Futures Explained in 200 Lines of Rust

This book aims to explain Futures in Rust using an example driven approach.

The goal is to get a better understanding of Futures by implementing a toy Reactor, a very simple Executor and our own Futures.

We'll start off solving a small problem without Futures, Wakers or async/await and then gradually adapt our example so it implements all these concepts, and can be solved using the executor provided by both tokio and async_str.

In the end I've made some reader excercises you can do if you want to fix some of the most glaring ommissions and shortcuts we took and create a slightly better example yourself.

What does this book give you that isn't covered elsewhere?

That's a valid question. There are many good resources and examples already. First of all, this book will point you to some background information that I have found very valuable to get an understanding of concurrent programming in general.

I find that many discussions arise, not because Futures is a hard concept to grasp, but that concurrent programming is a hard concept in general.

Secondly, I've always found small runnable examples very exiting to learn from. It's all code that you can download, play with and learn from.

What we'll do and not

We'll:

Implement our own Futures and get to know the Reactor/Executor pattern
Implement our own waker and learn why it's a bit foreign compared to other types
Talk a bit about runtime complexity and what to keep in mind when writing async Rust.
Make sure all examples can be run on the playground
Not rely on any helpers or libraries, but try to face the complexity and learn

We'll not:

Talk about how futures are implemented in Rust the language, the state machine and so on
Explain how the different runtimes differ, however, you'll hopefully be a bit better off if you read this before you go research them
Explain concurrent programming, but I will supply sources

I do want to explore Rusts internal implementation but that will be for a later book.

Credits and thanks

I'll like to take the chance of thanking the people behind mio, tokio, async_std, Futures, libc, crossbeam and many other libraries which so much is built upon. Reading and exploring some of this code is nothing less than impressive.

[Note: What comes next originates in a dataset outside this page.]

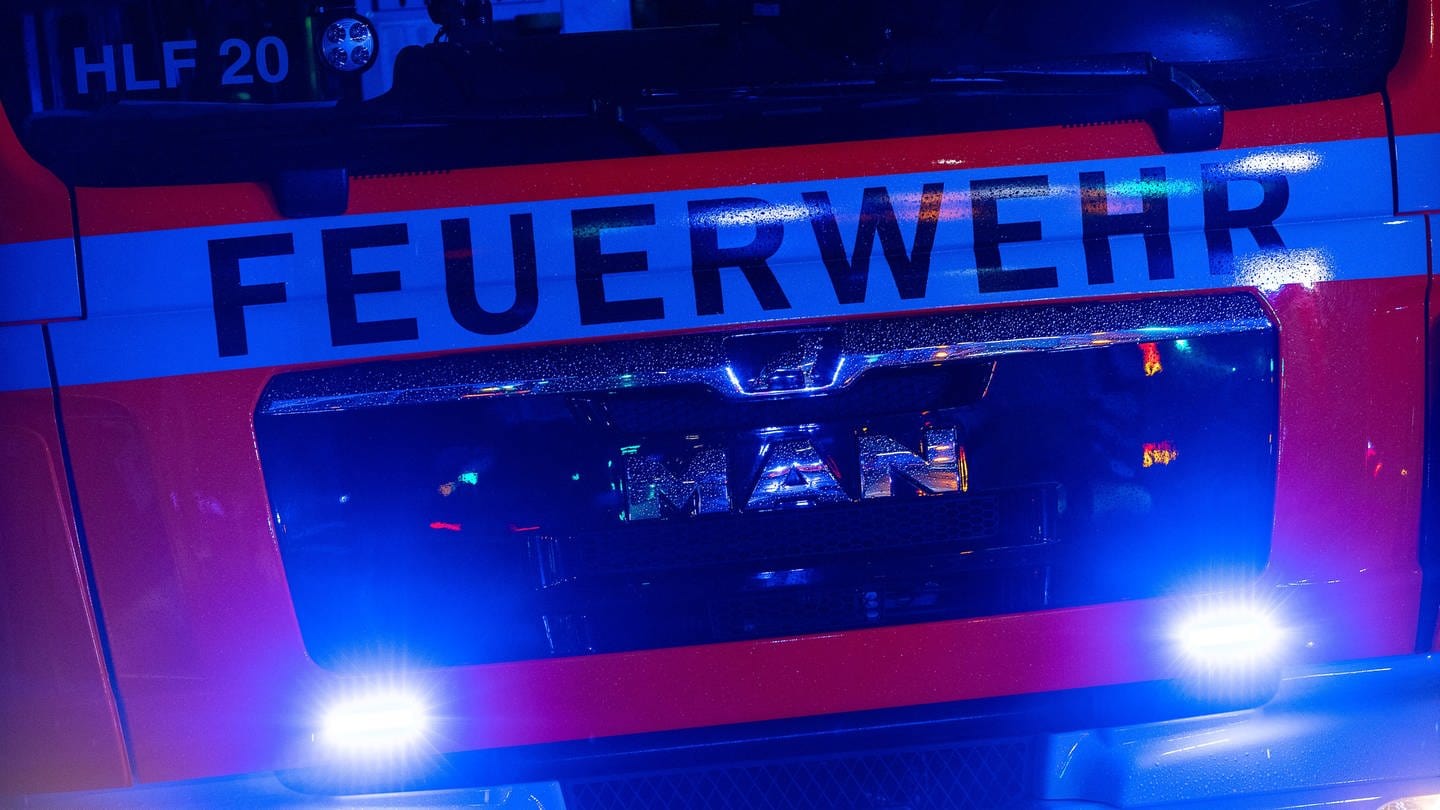 Blaulicht: Feuerwehrwagen im Einsatz. (Foto: dpa Bildfunk, picture alliance / Eibner-Pressefoto | Eibner-Pressefoto/Dimitri Drofit)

Why is `Futures` in Rust hard to understand

Well, I think it has to do with several things:

Futures has a very interesting implementation, compiling down to a state machine using generators to suspend and resume execution. In a language such as Rust this is pretty hard to do ergonomically and safely. You are exposed to some if this complexity when working with futures and want to understand them, not only learn how to use them.
Rust doesn't provide a runtime. That means you'll actually have to choose one yourself and actually know what a Reactor and an Executor is. While not too difficult, you need to make more choices than you need in GO and other languages designed with a concurrent programming in mind and ships with a runtime.
Futures exist in two versions, Futures 1.0 and Futures 3.0. Futures 1.0 was known to have some issues regarding ergonomics. Turns out that modelling async coding after Promises in JavaScript can turn in to extremely long errors and type signatures with a type system as Rust.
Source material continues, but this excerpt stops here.